Mempathy : Benchmarking Imitation and Reinforcement Learning for NPC players in serious video games with Unity ML agents.

gema.parreno.piqueras
8 min readNov 9, 2020

Mempathy is a video game narrative experience that transforms the relationship with anxiety. The video game’s goal is to offer a reflective experience, and the winning state is defined by a feeling of advancement and companionship towards anxiety. The idea of progress is supported in art by watercolour progression and on discovering a personalized conversation across the different chapters of the game.

Try Mempathy Demo here

Game Design

The gameplay is developed according to the following structure: firstly, the player unlocks a conversation through clickable spheres ( StarObjects ) following a series of blue water coloured scenes making several choices corresponding to several constellations draws. Secondly, the NPC acts as a companion and is able to respond to the player depending on the player’s choice, using similar mechanics as the player does.

The NPC develops itself under two principles that help the development of the character through the game and its interaction with the player: as the first principle, the one of personhood, defined as the overall impression that the NPC is an independent entity, is reflected in the video game by the NPC having its motivations towards the player ( offer encouragement, acceptance, and empathy ), with the presence of animated eyes inside the game, and using the same gameplay of the player for guiding the conversation. The second principle is bonding: as shared experiences build a deep sense of connection, one of the main game’s objectives is to create a bound between the player and the NPC. One of the key challenges here is to overcome some of the factors that could entail a lower bounding, such as superficial and incoherent writing or repetitive dialogue. Therefore, the right choice of the machine learning techniques in this area has been key, as reinforcement learning techniques are oriented towards a specific goal that serves as a motivation for the NPC from the game design perspective.

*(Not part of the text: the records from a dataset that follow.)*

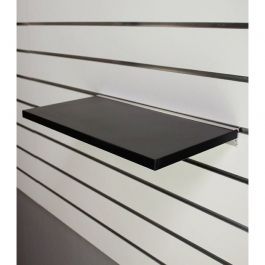 RETAIL DISPLAY FURNITURE - SLATWALL AND FITTINGS : Shelf black 60 x 30 cm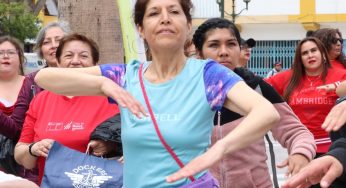 El Deporte llenó de energía la Plaza de Armas del puerto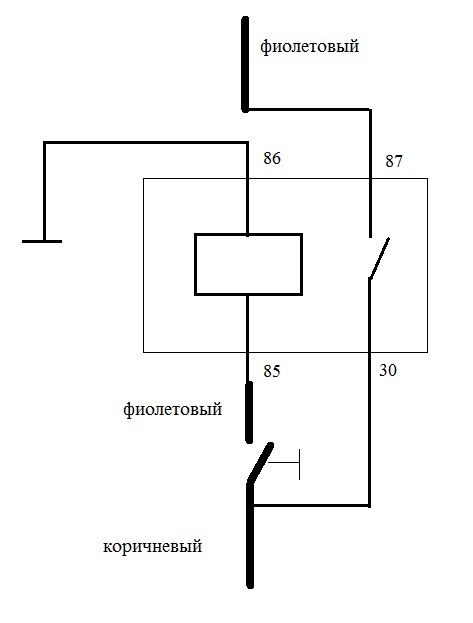 Схема подключения реле 4 контакта 12 вольт на фару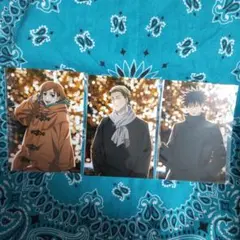 呪術廻戦　ブロマイド　イルミネーションver.　マルキューブ　七海　伏黒　釘崎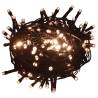 Flocked Snow Artificial Christmas Tree with 300 LEDs - 240 cm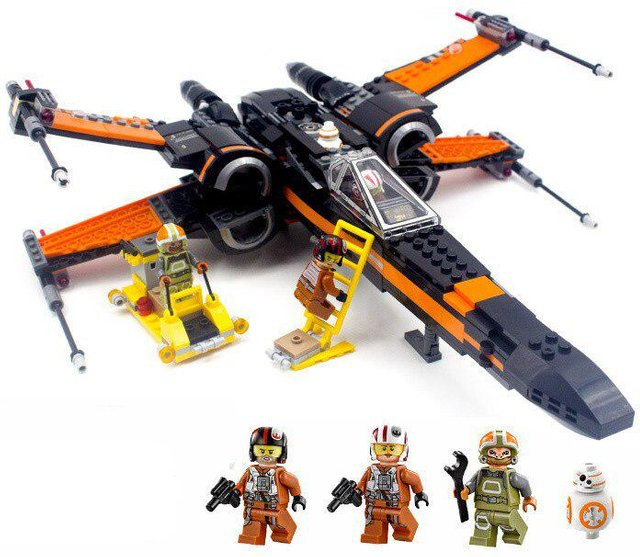 DOYOQI Wars Force Awaking X Wing Fighters, Holzspielzeug, ab 8 Jahren - Bild 1
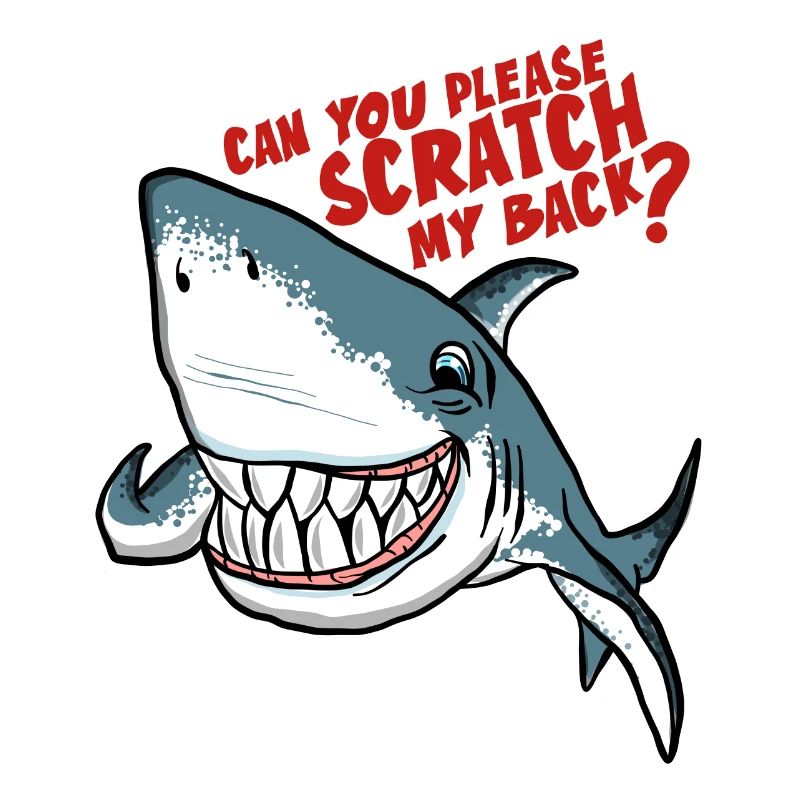 Grand requin blanc gratte mon dos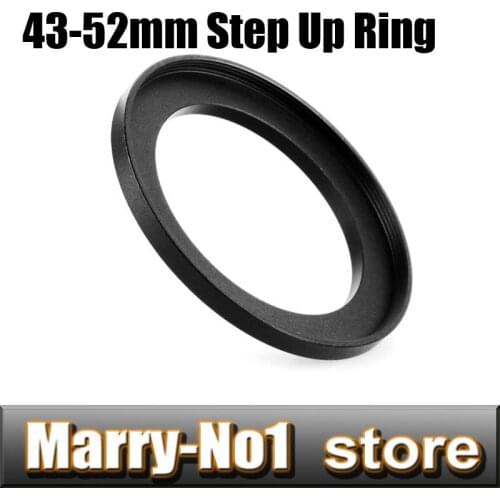 Free shipping Black Step Up Filter Ring Lens Ring 42mm to 52mm 42mm -52mm 42-52mm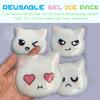 (4 Pcs) Reusable Gel Ice Pack, Boo Boo Ice Pack, Cute Ice Pack for Injuries, Breastfeeding, Wisdom Teeth, Pain Relief, Fever, Headaches view 2
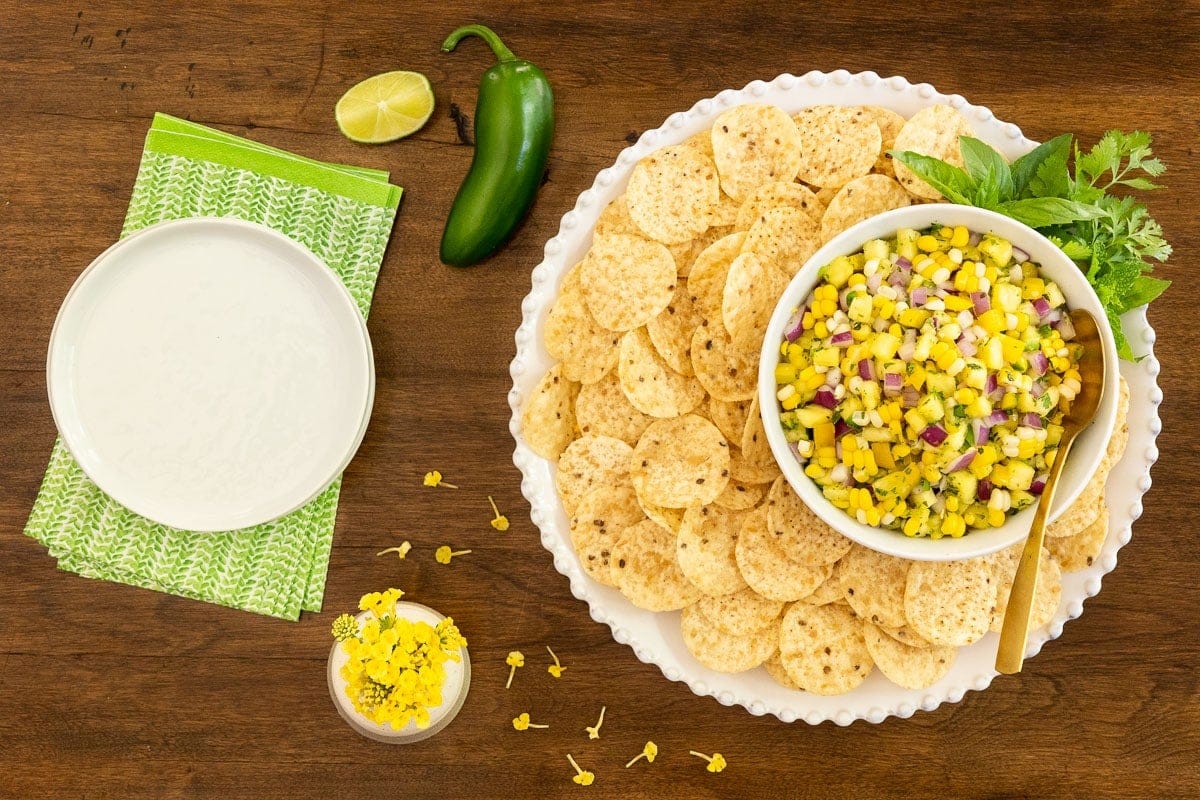 Asian Pineapple Fresh Corn Salsa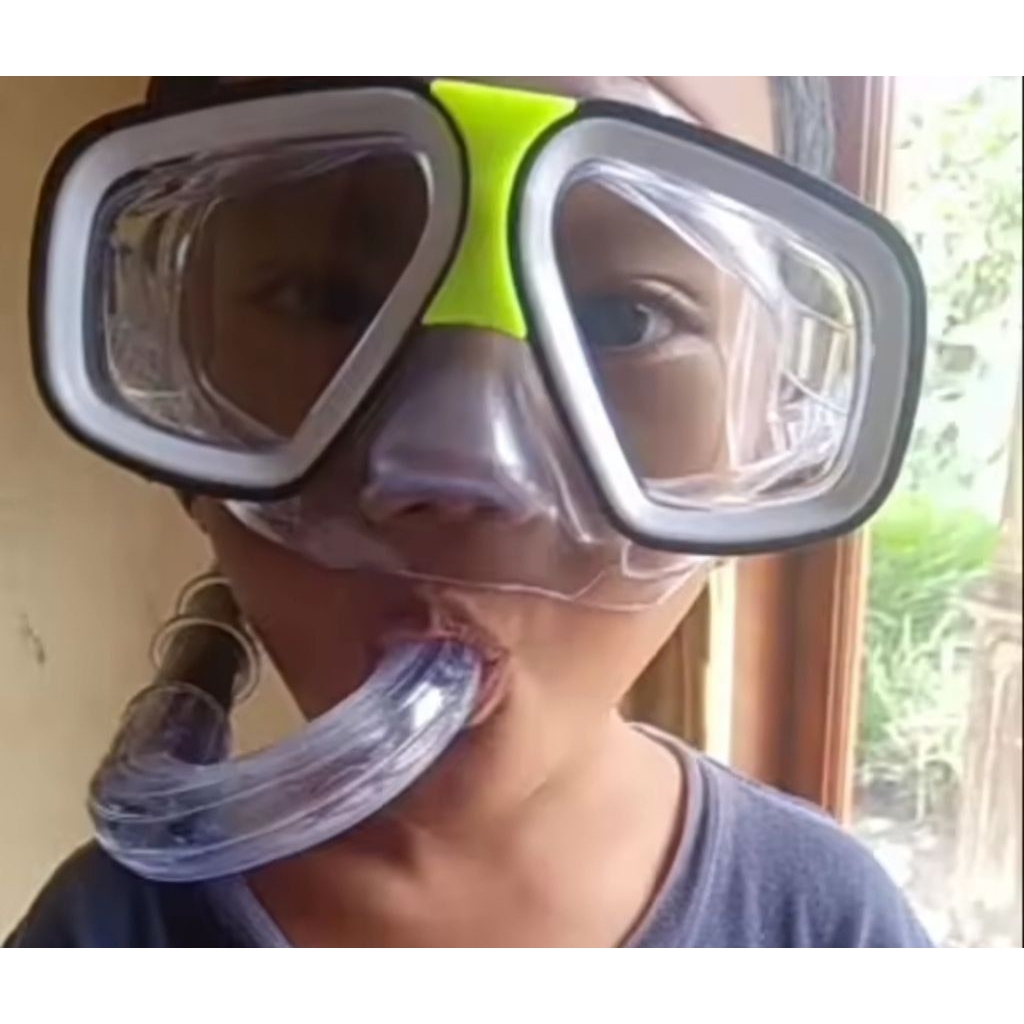 Alat selam anak plus kacamata renang,Diving glasses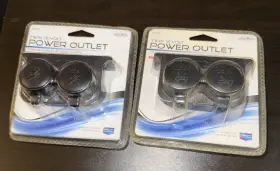 10242 Custom Accessories Twin 12 Volt Power Outlet Ships Lot Of 2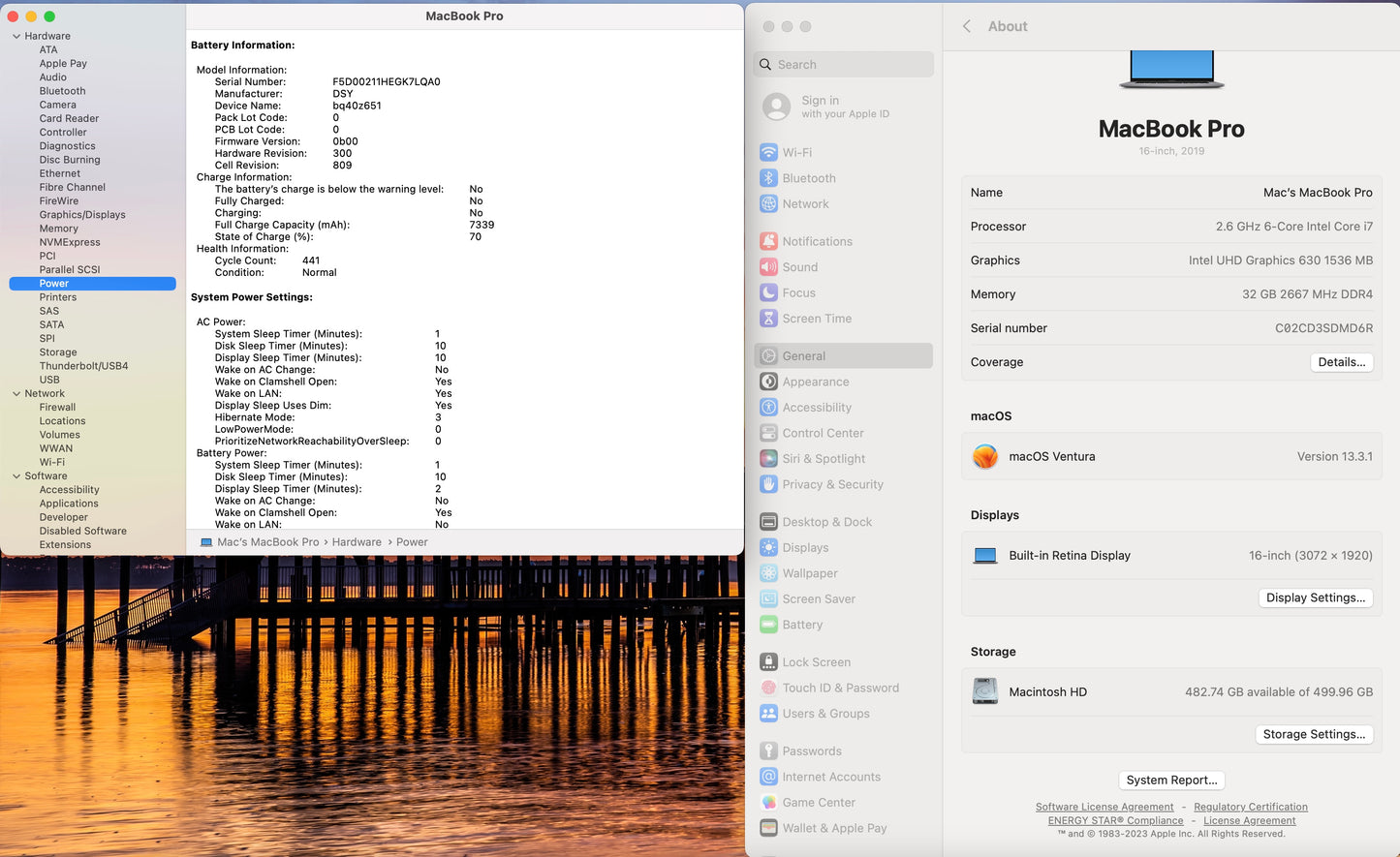 Apple 2019 MacBook Pro 16 in TB 2.6GHz 6-Core i7 32GB RAM 512GB SSD RP5300M 4GB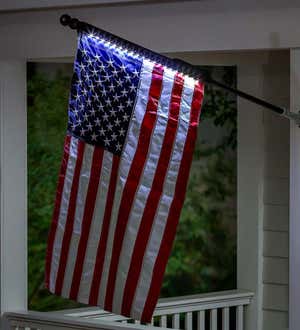 Solar Light for House Flag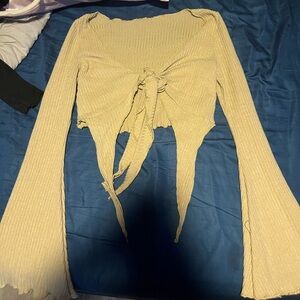 Beige Crop Top Cross.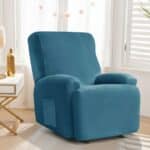 Housse De Fauteuil Relax En Velours Épais Style Chic Et Contemporain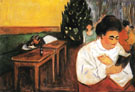 Christmas in the Brothel c1904 - Edvard Munch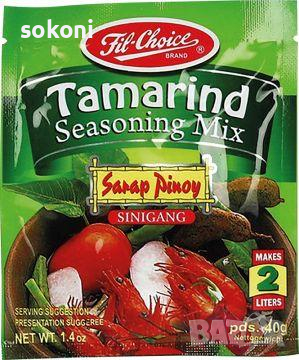 Fil Choice Tamarind Seasoning / Фил Чойс Подправка микс - Супа тамаринд 40гр, снимка 1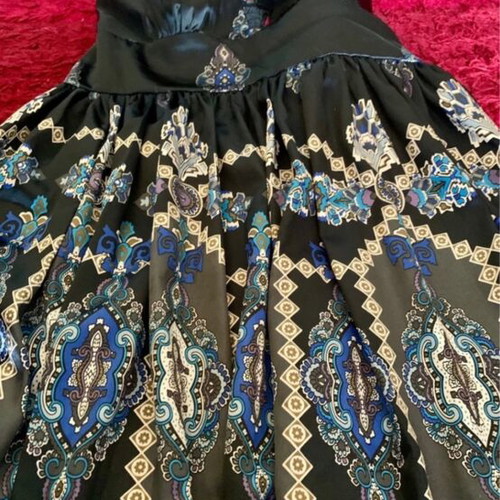 Denny Rose dress new, black with patterns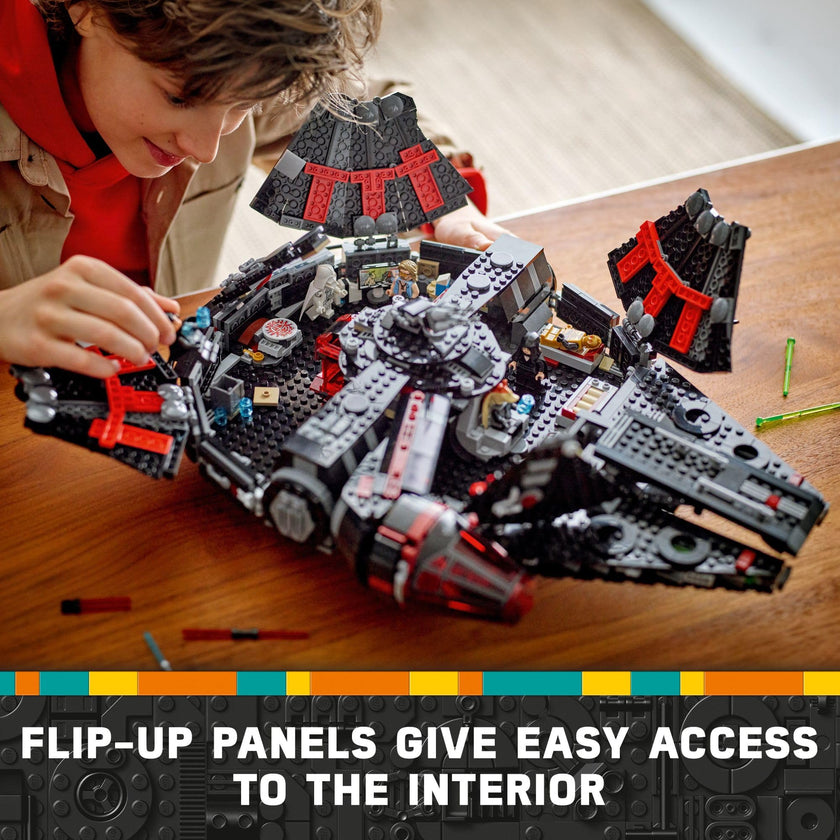 LEGO Star Wars The Dark Falcon Buildable Starship, Star Wars Toy Vehicle Set for Boys and Girls, Collectible Millenium Falcon Toy with 6 Star Wars Minifigures, Birthday Gift for Kids or Any Fan, 75389 🍁 All In One Marketplace Canada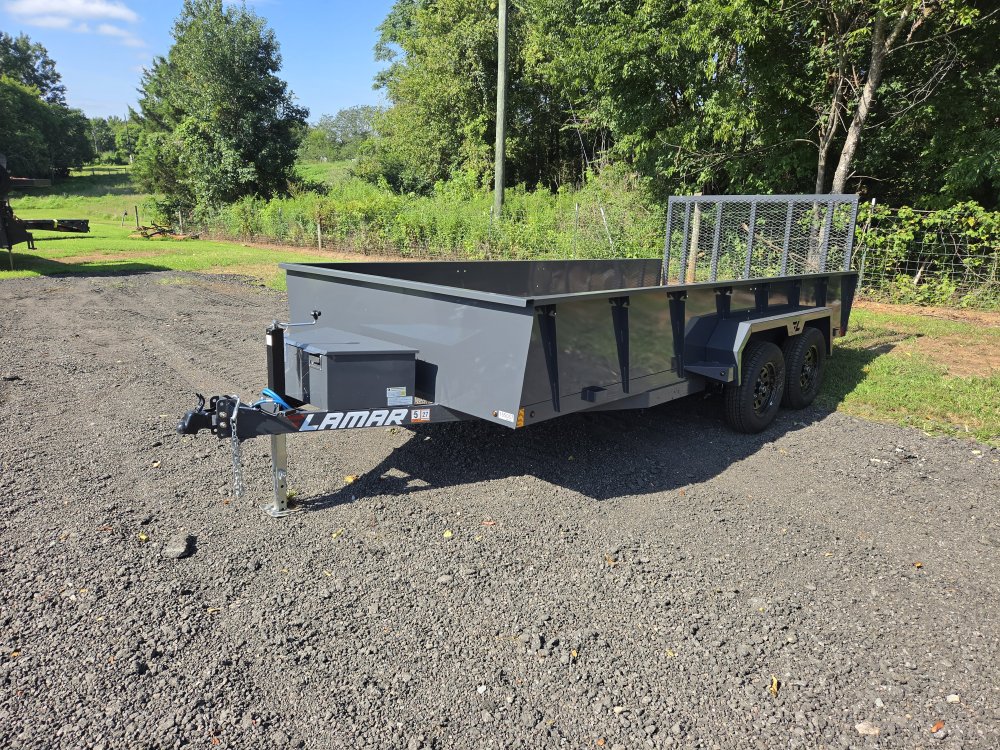 2026 Lamar 83x16 7k Utility w/ Tool Box and 24" Solid Sides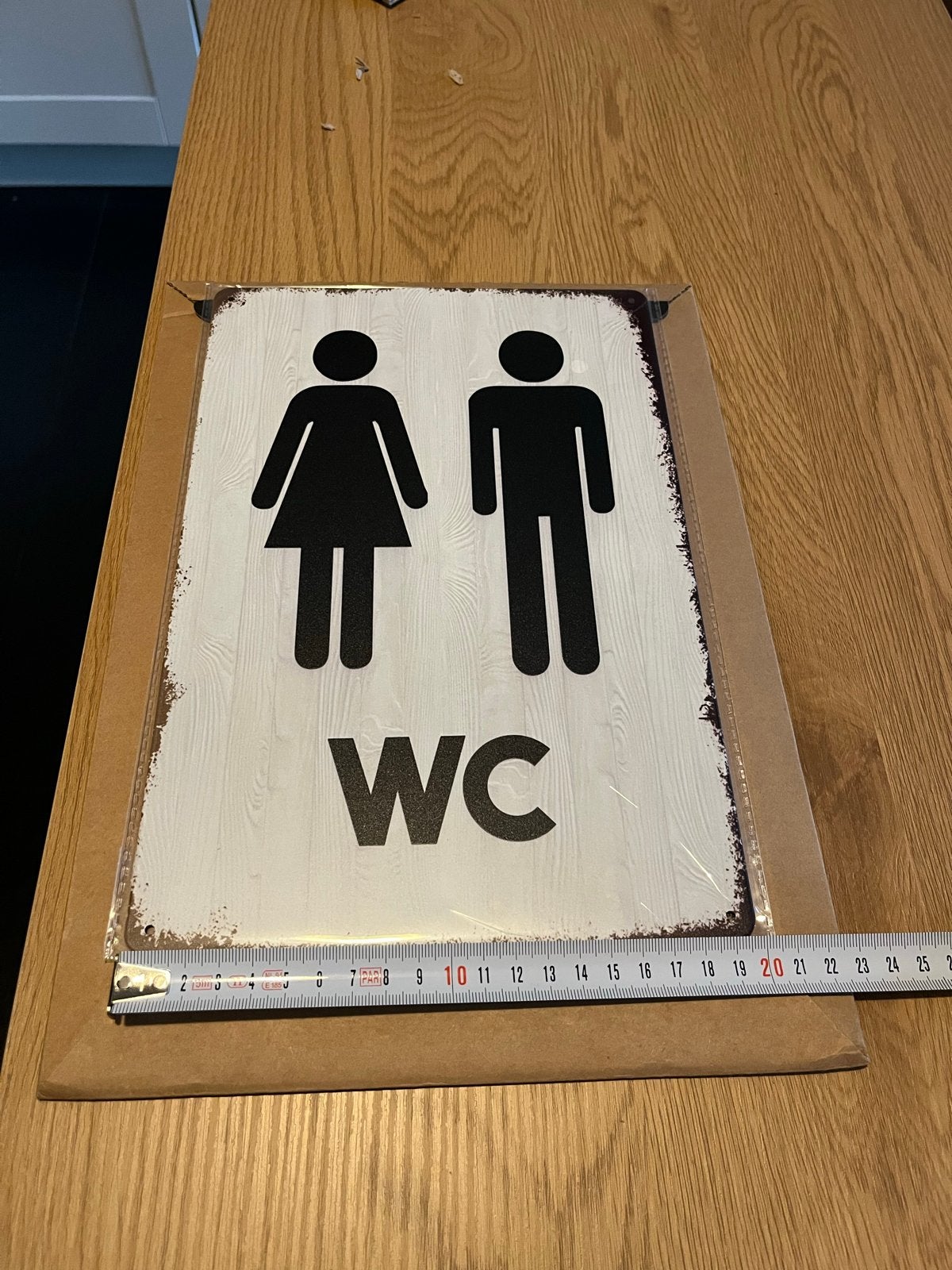 WC bordje metaal - Nieuw, Ophalen, Vintage, Nieuw, Metaal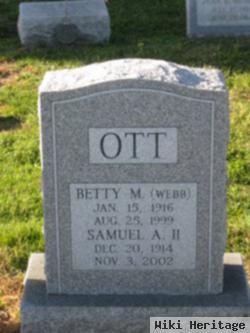 Beatrice M. "betty" Webb Ott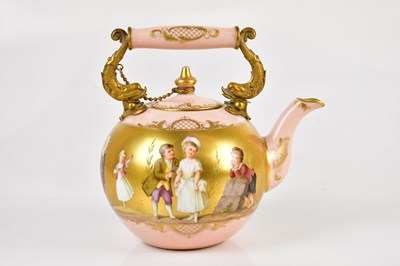 Lot 1538 - VIENNA; a good late 19th century kettle of...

NPC design fundamentals: personhood and companionship

Reinforcement Learning Environment

Reinforcement learning is a kind of machine learning method which objective is to maximize the expected discounted cumulative reward, and where the agent learns the optimal policy by trial and error. [3] Considering a discounted episodic Markov decision process (MDP) defined as a tuple (S, A, y, P, r), where S is the state space, A is the action space , y refers to the discount rate ( the present value to apply to future rewards ) , the agent chooses an action at according to the policy pi(at|st) at state st. The environment receives the action, produces a reward rt+1 = R(st, at, st+1 ), and transits to the next state st+1 according to the transition probability P(st+1|st, at).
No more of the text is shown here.